Washington Park Lagoon Rehabilitation
Chicago Park District, URS Corporation
Washington Park was originally conceived by Olmsted and Vaux in 1871. Later, the noted landscape architect, W. S. Cleveland, modified the park plan and oversaw its implementation. In the 1990s, the Chicago Park District recognized that the lagoon needed to be rehabilitated to overcome severe shoreline erosion, siltation, poor water quality, and degradation of the original vegetation due to severe overuse by fishermen and other users. The goal was to restore the lagoon while respecting its historic character, yet allow it to meet the demands of today’s users.
Wolff Landscape Architecture, Inc. participated in the site analysis, and, in conjunction with the landscape historian Barbara Geiger, performed historic analysis and research, public meetings, schematic design, project budgets, contract documentation, and construction administration. The result is a $2.5 million dollar project that improves water quality, stabilizes shorelines, increases public access, broadens habitat and plant diversity, and reduces quantities of invasive plant species. Natural plant communities were used to stabilize shorelines in a way that was compatible with the historic mown lawn edge.

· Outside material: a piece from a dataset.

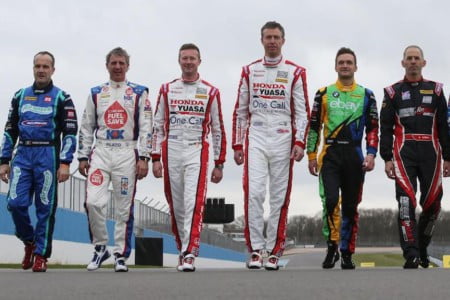 BTCC champions: Giovanardi, Plato, Shedden, Neal, Turkington, Menu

The project includes new paths, site furniture, reconstruction of a historic bridge, the addition of universally-accessible boardwalks and fishing stations, as well as a boathouse that replaces a previous structure removed due to deterioration and disrepair. The Stroll Garden at the eastern edge of the park was refurbished by removing invasive vegetation along the stream banks, and replanted with native wetland species, shrubs and flowering perennials in order to create seasonal interest as well as bird and wildlife habitat. The meandering stream and its water source were totally rebuilt as well. The project was completed in 2004.